Boost logo

Boost Users :

Subject: Re: [Boost-users] mpi/serialization:
From: Riccardo Murri (riccardo.murri_at_[hidden])
Date: 2012-02-01 16:32:51


Hello,

I tried to run your code but it's still too big and complex for me to be able
to say anything without a long debugging session, which I cannot do
now. So please take this email with a grain of salt, as I could have
totally misunderstood the code...

I compiled the code you sent with Boost.MPI 1.45 and OpenMPI 1.4.
Running it on two MPI ranks, I always get the same two errors:

* Rank 1 dies with the "archive_exception / array size too short" error, but
* Rank 0 dies with a segmentation fault.

I managed to get rid of the "archive_exception / array size too
short" error from rank 1 (modified slbmpi.h attached), but the rank 0
still segfaults.

(1) Concerning the "array size" error: your code reads:

        reqs.push_back( world.isend( Sender , SendTag ,
&Neighbor2Proc[ i ] , Msg2Send_size ) ) ;

[Aside: I think there's a typo here: the first argument to "world.isend" is the
*destination rank*, so I guess you have "Sender" where "Receiver"
should be...]

This sends Msg2Send_size elements of type "lattice_type" starting at
location "&Neighbor2Proc[i]". However, the corresponding
"world.irecv" has:

        reqs.push_back( world.irecv( msg.source() , msg.tag() ,
Neighbor4Proc[ i ] ) ) ; // , Msg2Send_size: not compiling: request
irecv(int source, int tag, T * values, int n) const; @
http://www.boost.org/doc/libs/1_48_0/doc/html/boost/mpi/communicator.html#id444949-bb

so you are receiving an array of "Msg2Send_size" elements into a
single value of type "lattice_type".

If you change the sender line to:

        reqs.push_back( world.isend( Receiver , SendTag , Neighbor2Proc[i] ) );

then the type of the sent object and the receiving slot do match, and
the error is gone.
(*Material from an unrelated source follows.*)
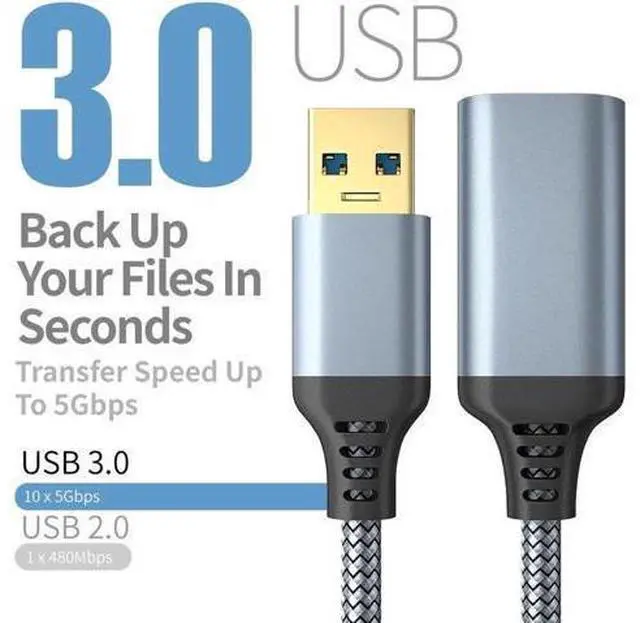 Alt view image 2 of 7 - 16.4ft Gray USB 3.0 Extension Cable, Type A Male to Female High Speed Cord for Keyboard, Mouse, Flash Drive, Hard Drive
If you wanted to send more than one element of
Neighbor2Proc, then you have to use an exactly corresponding type in
the recv call.

(2) Regading the segfault: Adding some debug statements to slbmpi.h, I
can see that it dies when executing "world.isend(...,
Neighbor2Proc[i])":

    rmurri_at_xenia:~/tst$ mpirun -np 2 --tag-output ./a.out
    ...
    [1,0]<stdout>:Process=0's MiniGridSize= 3 3 3
    ...
    [1,0]<stdout>:init_internal_neighbors_wf: Process 0 of 2 about to
exchange (if necessary) w/+/-1! Sender=0, Receiver=1,
Neighbor2Proc.size()=1, Msg2Send_size=1, i=0 @ idx= 0
           0 0
    [1,0]<stdout>:
    [1,0]<stdout>:Pause @ "init_internal_neighbors_wf: _slbmpi_h: 108:
pre-exchange" if 1 process: <Enter> or <Return> continues; ^C aborts:
    [1,0]<stderr>:DEBUG: slbmpi.h:124 <==== THIS IS JUST BEFORE
world.isend(...)
    [1,0]<stderr>:[xenia:06768] *** Process received signal ***
    [1,0]<stderr>:[xenia:06768] Signal: Segmentation fault (11)
    [1,0]<stderr>:[xenia:06768] Signal code: (128)
    [1,0]<stderr>:[xenia:06768] Failing at address: (nil)
    [1,0]<stderr>:[xenia:06768] [ 0]
/lib/x86_64-linux-gnu/libpthread.so.0(+0x10060) [0x7f6453010060]
    [1,0]<stderr>:[xenia:06768] [ 1]
./a.out(_ZN5boost7archive4saveINS_3mpi15packed_oarchiveEKP12lattice_typeEEvRT_RT0_+0x14)
[0x44b4aa]
    ...
    [1,0]<stderr>:[xenia:06768] [29]
./a.out(_ZN5boost7archive4saveINS_3mpi15packed_oarchiveEKNS_13serialization5arrayIKP12lattice_typeEEEEvRT_RT0_+0x23)
[0x44a1f0]
    [1,0]<stderr>:[xenia:06768] *** End of error message ***

>From the backtrace it seems that the code dies when performing
serialization of a "lattice_type" element. This leads me to think
that the "lattice_type" element "Neighbor2Proc[i]" has not been fully
initialized.

Now the serialization code for "lattice_type" reads:

    struct lattice_type
    {
        ...
    public:
        lattice_type* neighbors[ en - 1 ];
        ....
    protected:
        template<class Archive> //serializes
(boost::mpi::packed_iarchive& ar) & deserializes
(boost::mpi::packed_oarchive& ar)
        inline void serialize( Archive & ar , const unsigned int )
        {
            ar & neighbors ; // for 'packing' (& unpacking) for
message-passing: put together in 'series' to exchange
        }
        ...

As far as I understand, this means the boost::serialization code will
try to dereference each pointer in the "neighbors" array and serialize
the pointed-to elements.

Could it be that some elements of "lattice_type::neighbors" are NULL
pointers? (It would make sense for elements at a corner of the grid.)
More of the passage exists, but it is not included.